The reason for this was I have a perfectly capable 1080p gaming PC that’s only just starting to feel the real strain of running the latest games. While I’d considered a new desktop, 2022’s crazy graphics card supply problems and skyrocketing prices put me off.

And as more games came out on the new consoles and I paired them with the wonderful LG C1 OLED, I felt myself slipping away from desktop gaming. After all, I could simply boot up the Series X or PS5 and jump into a game with the only real choice of playing in a mode that prioritizes frame rate or resolution, with the knowledge I’d be getting a gaming experience that still looks fantastic even with dynamic resolution.

With precious few games really pushing PC hardware, beyond the likes of Cyberpunk 2077 at its highest settings, I saw no real need to replace my aged gaming PC.

Then I had a taste of high-end PC gaming.

PC gaming at its finest

an image of the Voyager Creator Elite from Starforge Systems

(Image credit: Future)

Booting up games that would have had my own gaming PC grumble in protest by ramping up its fans and chugging along, the Voyager Creator Elite simply chews through everything I’ve thrown at it, with all settings maxed out and at a QHD resolution.

All of a sudden I’m back to thinking about playing upcoming releases such as Starfield on the PC first. The glory of such high-end gaming has me willing to sit upright at my desk instead of benching myself on my sofa.

Now I’ve had powerful PCs before that could handle the best-looking games of the time at max settings, but nothing quite compares here. I’m getting blistering frame rates from a PC that barely breaks a sweat pumping crisp, ray-traced graphics to one of the best gaming monitors and taking advantage of the latter’s 165Hz refresh rate.

Not only do games look and run gloriously, all this power makes PC gaming trivial. I can simply ramp everything up to ultra and hit play.

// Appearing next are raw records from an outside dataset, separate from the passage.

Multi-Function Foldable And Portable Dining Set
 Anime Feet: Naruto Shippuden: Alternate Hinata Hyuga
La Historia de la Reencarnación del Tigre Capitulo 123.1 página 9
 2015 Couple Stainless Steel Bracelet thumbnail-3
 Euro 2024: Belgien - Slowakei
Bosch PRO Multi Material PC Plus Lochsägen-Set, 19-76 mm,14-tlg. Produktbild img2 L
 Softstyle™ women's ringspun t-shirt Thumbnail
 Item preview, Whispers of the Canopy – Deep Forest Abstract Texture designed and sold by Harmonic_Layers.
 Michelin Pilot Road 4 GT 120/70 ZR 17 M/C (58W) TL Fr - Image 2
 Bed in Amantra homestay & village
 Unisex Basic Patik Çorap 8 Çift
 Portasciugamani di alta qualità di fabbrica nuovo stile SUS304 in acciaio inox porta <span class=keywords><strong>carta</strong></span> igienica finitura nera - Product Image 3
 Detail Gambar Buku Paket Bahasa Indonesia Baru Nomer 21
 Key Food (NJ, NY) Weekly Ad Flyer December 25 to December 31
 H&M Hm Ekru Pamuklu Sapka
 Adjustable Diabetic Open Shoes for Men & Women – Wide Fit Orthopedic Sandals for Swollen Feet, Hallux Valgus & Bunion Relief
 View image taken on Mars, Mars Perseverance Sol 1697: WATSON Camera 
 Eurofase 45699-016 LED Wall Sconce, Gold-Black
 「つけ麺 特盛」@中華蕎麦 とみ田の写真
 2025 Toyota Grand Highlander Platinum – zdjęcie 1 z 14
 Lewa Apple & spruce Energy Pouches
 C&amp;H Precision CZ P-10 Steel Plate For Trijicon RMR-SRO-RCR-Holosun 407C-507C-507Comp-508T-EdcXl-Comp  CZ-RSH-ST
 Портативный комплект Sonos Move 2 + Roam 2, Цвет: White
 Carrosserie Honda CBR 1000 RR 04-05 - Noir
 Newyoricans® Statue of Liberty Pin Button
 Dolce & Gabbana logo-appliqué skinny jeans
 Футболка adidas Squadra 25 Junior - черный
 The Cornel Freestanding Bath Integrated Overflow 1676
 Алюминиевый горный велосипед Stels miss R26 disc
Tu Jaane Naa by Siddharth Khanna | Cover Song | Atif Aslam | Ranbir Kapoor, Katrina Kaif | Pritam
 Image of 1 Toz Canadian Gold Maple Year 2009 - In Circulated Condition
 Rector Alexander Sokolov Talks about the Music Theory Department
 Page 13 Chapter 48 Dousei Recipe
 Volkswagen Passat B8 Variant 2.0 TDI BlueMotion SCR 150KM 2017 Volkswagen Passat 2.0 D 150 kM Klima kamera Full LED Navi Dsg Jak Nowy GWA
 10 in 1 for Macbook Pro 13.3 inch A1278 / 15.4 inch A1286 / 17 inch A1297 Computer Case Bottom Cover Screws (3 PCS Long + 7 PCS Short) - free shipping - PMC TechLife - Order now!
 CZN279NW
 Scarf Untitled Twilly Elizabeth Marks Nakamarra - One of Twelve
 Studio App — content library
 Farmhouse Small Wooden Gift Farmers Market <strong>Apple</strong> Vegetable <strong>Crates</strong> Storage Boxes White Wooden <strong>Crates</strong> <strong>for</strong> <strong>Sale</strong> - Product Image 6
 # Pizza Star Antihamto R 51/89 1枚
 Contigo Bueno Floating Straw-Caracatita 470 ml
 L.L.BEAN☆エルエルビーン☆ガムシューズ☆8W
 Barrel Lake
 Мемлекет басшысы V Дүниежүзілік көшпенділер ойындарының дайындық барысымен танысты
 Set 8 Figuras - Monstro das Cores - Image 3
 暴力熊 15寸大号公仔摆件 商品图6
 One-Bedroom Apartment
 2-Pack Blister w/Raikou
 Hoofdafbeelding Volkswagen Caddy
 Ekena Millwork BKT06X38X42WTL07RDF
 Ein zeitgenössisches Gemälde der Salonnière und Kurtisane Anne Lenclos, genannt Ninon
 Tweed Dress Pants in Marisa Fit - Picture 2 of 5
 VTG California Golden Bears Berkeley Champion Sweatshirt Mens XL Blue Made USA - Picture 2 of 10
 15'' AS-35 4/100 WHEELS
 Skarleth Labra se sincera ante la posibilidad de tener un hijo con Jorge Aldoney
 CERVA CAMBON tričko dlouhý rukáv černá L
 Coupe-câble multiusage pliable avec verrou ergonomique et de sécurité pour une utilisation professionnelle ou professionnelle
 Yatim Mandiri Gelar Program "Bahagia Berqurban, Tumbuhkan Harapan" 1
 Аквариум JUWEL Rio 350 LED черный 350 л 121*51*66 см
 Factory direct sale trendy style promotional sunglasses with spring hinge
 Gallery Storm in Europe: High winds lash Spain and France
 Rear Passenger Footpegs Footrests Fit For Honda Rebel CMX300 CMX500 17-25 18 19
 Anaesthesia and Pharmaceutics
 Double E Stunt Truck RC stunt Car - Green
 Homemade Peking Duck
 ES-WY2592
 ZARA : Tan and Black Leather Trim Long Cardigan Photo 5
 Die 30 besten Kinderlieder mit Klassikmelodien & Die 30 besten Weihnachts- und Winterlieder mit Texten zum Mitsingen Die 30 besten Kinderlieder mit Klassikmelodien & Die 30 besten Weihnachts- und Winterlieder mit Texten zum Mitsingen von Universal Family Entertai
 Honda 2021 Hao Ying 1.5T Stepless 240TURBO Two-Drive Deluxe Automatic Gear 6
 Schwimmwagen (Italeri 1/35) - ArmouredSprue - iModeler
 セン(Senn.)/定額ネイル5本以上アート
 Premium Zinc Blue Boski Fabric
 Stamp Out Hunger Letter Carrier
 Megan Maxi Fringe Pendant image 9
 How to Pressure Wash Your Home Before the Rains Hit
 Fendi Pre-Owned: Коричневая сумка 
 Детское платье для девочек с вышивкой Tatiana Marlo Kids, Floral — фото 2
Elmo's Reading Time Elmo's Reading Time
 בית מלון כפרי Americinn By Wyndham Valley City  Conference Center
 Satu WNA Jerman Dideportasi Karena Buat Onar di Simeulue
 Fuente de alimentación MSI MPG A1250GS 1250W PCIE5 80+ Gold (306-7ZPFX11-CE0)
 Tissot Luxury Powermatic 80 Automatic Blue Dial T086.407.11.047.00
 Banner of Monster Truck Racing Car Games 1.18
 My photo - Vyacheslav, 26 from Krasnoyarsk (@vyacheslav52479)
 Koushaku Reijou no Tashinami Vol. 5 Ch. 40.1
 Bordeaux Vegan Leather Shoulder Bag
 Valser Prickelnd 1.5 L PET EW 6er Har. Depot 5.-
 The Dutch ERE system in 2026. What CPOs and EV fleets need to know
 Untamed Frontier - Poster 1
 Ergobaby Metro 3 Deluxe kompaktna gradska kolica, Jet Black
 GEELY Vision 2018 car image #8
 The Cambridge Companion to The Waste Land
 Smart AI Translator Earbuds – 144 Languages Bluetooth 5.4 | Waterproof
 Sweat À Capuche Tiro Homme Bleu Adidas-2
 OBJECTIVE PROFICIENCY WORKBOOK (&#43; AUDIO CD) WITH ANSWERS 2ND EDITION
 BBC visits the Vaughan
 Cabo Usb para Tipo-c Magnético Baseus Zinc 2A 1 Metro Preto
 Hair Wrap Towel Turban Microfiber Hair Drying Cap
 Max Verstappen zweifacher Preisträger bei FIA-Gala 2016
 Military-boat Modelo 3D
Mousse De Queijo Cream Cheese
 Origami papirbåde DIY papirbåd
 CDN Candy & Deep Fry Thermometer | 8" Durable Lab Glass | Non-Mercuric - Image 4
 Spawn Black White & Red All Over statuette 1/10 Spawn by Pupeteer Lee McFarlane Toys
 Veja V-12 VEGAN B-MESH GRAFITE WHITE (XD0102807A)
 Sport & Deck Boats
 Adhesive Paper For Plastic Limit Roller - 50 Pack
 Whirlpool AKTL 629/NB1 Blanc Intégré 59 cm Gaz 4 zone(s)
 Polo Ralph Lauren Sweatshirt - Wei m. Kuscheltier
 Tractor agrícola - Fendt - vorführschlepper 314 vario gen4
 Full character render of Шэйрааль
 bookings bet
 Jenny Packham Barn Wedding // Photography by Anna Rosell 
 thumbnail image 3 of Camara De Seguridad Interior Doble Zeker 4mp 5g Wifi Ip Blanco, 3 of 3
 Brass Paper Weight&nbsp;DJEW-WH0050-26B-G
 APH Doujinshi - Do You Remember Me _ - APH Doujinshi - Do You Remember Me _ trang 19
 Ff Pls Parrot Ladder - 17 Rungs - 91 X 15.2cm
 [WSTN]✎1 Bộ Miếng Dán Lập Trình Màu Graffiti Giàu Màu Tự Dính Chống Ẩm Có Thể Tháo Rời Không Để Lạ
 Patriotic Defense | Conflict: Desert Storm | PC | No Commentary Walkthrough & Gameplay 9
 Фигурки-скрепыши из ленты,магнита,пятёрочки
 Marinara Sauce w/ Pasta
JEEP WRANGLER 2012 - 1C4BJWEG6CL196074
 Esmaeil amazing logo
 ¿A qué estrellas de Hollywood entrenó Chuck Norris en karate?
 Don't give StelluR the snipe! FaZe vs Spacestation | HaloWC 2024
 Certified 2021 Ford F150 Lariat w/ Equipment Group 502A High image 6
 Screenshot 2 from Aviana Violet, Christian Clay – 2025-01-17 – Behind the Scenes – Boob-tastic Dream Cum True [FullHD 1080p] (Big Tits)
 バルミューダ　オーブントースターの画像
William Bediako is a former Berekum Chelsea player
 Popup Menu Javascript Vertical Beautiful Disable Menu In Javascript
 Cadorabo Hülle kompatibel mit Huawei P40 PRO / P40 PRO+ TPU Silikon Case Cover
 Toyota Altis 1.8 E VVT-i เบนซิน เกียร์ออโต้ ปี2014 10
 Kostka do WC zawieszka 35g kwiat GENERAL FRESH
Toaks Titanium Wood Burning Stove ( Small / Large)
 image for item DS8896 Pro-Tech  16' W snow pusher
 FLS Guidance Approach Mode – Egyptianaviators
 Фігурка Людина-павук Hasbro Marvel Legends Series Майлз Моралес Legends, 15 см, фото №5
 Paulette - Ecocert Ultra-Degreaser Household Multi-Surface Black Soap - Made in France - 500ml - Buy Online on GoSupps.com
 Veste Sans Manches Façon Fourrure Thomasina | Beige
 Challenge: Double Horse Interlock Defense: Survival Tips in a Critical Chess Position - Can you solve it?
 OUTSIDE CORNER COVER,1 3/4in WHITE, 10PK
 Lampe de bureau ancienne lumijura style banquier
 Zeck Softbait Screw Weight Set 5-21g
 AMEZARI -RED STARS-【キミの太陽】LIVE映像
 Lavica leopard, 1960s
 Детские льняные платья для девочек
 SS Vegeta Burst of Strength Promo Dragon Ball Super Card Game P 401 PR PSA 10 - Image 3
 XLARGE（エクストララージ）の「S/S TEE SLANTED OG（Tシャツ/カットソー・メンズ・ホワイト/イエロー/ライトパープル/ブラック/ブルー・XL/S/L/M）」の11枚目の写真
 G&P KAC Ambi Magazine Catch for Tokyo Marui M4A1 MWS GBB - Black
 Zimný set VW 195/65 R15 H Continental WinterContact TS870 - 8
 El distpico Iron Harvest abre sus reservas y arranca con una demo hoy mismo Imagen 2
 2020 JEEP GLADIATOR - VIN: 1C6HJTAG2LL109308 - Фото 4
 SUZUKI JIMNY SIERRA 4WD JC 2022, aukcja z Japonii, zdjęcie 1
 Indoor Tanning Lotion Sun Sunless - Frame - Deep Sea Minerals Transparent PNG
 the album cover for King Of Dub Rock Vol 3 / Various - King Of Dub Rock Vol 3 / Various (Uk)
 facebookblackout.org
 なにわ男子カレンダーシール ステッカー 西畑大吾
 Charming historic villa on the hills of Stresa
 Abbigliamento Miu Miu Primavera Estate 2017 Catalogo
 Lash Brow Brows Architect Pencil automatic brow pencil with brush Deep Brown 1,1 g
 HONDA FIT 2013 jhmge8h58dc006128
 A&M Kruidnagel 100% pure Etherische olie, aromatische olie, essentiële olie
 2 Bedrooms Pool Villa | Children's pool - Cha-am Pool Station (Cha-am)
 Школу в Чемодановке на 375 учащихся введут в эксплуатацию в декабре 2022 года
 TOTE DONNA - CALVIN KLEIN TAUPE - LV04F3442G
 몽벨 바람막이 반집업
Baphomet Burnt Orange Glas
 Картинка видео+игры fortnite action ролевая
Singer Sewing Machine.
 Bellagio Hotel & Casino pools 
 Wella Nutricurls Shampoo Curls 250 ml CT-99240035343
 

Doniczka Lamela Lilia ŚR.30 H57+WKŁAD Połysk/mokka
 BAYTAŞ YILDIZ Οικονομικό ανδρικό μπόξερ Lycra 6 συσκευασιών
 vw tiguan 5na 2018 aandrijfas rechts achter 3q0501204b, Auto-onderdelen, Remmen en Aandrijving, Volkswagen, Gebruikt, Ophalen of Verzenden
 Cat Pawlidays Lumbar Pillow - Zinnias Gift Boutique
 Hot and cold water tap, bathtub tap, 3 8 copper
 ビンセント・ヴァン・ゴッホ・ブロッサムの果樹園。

That means The Last of Us Part 1, a game that had a notoriously bad initial port from PlayStation to PC, runs like a dream now that it’s been patched and can take advantage of the mighty GeForce RTX 4090. The high-end Intel processor also makes mincemeat of Total War: Warhammer 3, seemingly bulldozing another game that had been blighted by poor performance.

Going back to older games that used to challenge PCs, such as Deus Ex: Mankind Divided, is a treat, too. Being able to run that game at a QHD resolution with everything turned up to the max and getting a framerate that’s so smooth I almost think the game shines, is just a joy. All of a sudden I’m back to thinking about playing upcoming releases, such as Starfield, on the PC first. The glory of such high-end gaming has me willing to sit upright at my desk instead of benching myself on my sofa.

But as I said earlier, this is all somewhat ridiculous.

Overkill performance, chilling price 

an image of the Voyager Creator Elite from Starforge Systems

(Image credit: Future)

As a tech journalist I'm in the privileged position of getting to try out all sorts of technology without paying for it. If you were to take my access out of the equation, would I spend more than four grand on a gaming PC? 

Yeah..no chance!

Starforge Systems has the Voyager Creator Elite targeted at major PC gaming enthusiasts and video creators; while I’m a gaming fan, I’m not a frame rate or max settings fanatic. And I leave the video creation up to Tom’s Guide’s tame TikTok star Kate Kozuch. So I can respect the Voyager Creator Elite and other PCs that have masses of power, but they aren't quite for me yet.

The reason I say that is as wonderful as it is to see games at their very best, we’ve yet to get a bunch of titles that really demand high-end PC power. The likes of Cyberpunk 2077 and Forza Horizon 5 may look their best on PC, but they will still present a bounty of virtual splendor on the Series X or PS5 when coupled with one of the best 4K TVs, all for a third of the price of the Voyager Creator Elite.

Maybe this situation will change as the current generation of consoles and PC hardware matures. But right now the very best in PC gaming is really only the domain of professional gamers and streamers, and people with arguably more money than sense (I’m jealous, leave me be).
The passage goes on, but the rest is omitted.